Nevins Library Presents:

 Peter Swanson

Saturday March 25th, 1-2:30pm

Please join us as we welcome author Peter Swanson to the Nevins Library!  His most recent thriller is Her Every Fear.

A bit about the book:

Growing up, Kate Priddy was always a bit neurotic, experiencing momentary bouts of anxiety that exploded into full-blown panic attacks after an ex-boyfriend kidnapped her and nearly ended her life. When Corbin Dell, a distant cousin in Boston, suggests the two temporarily swap apartments, Kate, an art student in London, agrees, hoping that time away in a new place will help her overcome the recent wreckage of her life. Soon after her arrival at Corbin’s grand apartment on Beacon Hill, Kate makes a shocking discovery: his next-door neighbor, a young woman named Audrey Marshall, has been murdered. When the police question her about Corbin, a shaken Kate has few answers, and many questions of her own — curiosity that intensifies when she meets Alan Cherney, a handsome, quiet tenant who lives across the courtyard, in the apartment facing Audrey’s. Alan saw Corbin surreptitiously come and go from Audrey’s place, yet he’s denied knowing her. Then, Kate runs into a tearful man claiming to be the dead woman’s old boyfriend, who insists Corbin did the deed the night that he left for London. When she reaches out to her cousin, he proclaims his innocence and calms her nerves — until she comes across disturbing objects hidden in the apartment and accidentally learns that Corbin is not where he says he is. Could Corbin be a killer? What about Alan? Kate finds herself drawn to this appealing man who seems so sincere, yet she isn’t sure.

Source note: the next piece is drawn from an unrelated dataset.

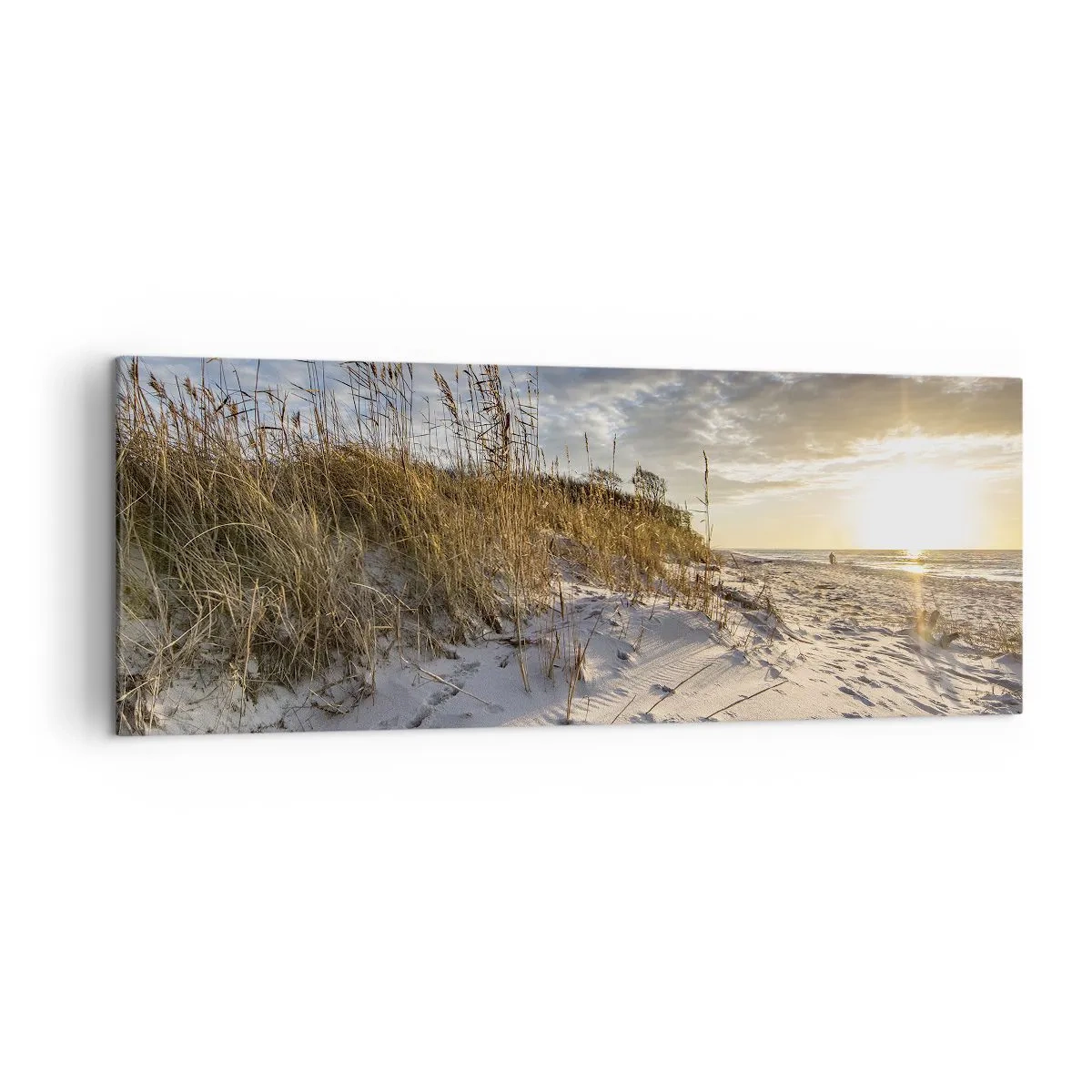 Cuadro sobre lienzo - Impresión de Imagen - Dunas con hierba y huellas en la arena al atardecer - 140x50cm - Invitación a un paseo - Decoración de pared moderna para salón y dormitorio ARTTOR
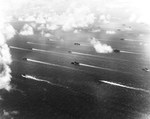 United States Navy Third Fleet outside Tokyo Bay, Japan, Aug 1945 soon after the Japanese surrender. Visible are at least five fleet carriers, three light carriers, three battleships, and numerous escorts.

Jet-lagged and emotionally unstable, her imagination full of dark images caused by the terror of her past, Kate can barely trust herself, so how could she take the chance on a stranger she’s just met?

Come and meet Peter Swanson, and listen as he reads from the book and talks a bit about it.

Books will be available for purchase and signing.

To register for this program, click here.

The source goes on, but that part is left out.